WHAT THE TASK ASKS —
Retype the following data exactly, but leave its pictures out.

DATA BLOCK —
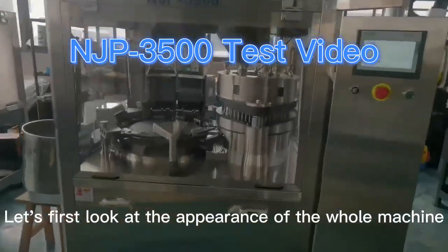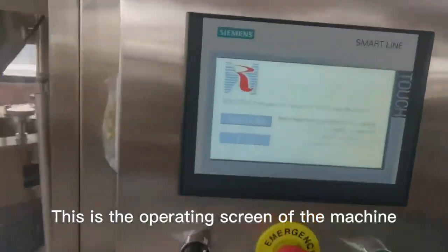Let's first look at the appearance of the whole machine. This is the operating screen of the machine.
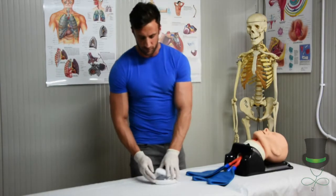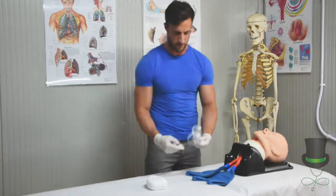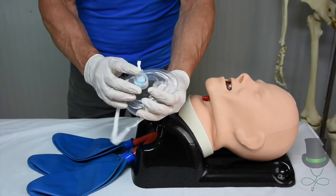First off, remove the pocket face mask from this box. Apply pressure on the inner part of the mask to release the mouthpiece and valve.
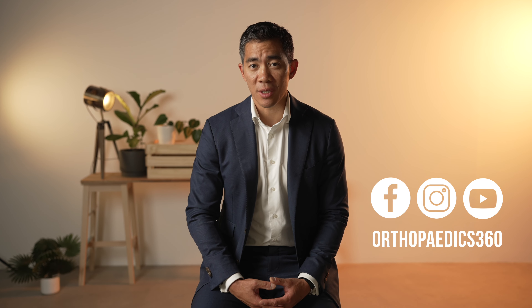A hip replacement is a fantastic operation. It is one of the most successful operations that a surgeon can perform in ensuring the biggest improvement in quality of life, and it is certainly something that I feel has exceptional results both in the literature and in our real life situations. To learn a little bit more about hip replacements please watch our channel or follow us on Facebook. Thank you for your time today for this short excerpt about hip replacements. I look forward to seeing you again for our future videos.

SOLUTION FOR THIS PROBLEM —
Let's first look at the appearance of the whole machine. This is the operating screen of the machine.
First off, remove the pocket face mask from this box. Apply pressure on the inner part of the mask to release the mouthpiece and valve.
A hip replacement is a fantastic operation. It is one of the most successful operations that a surgeon can perform in ensuring the biggest improvement in quality of life, and it is certainly something that I feel has exceptional results both in the literature and in our real life situations. To learn a little bit more about hip replacements please watch our channel or follow us on Facebook. Thank you for your time today for this short excerpt about hip replacements. I look forward to seeing you again for our future videos.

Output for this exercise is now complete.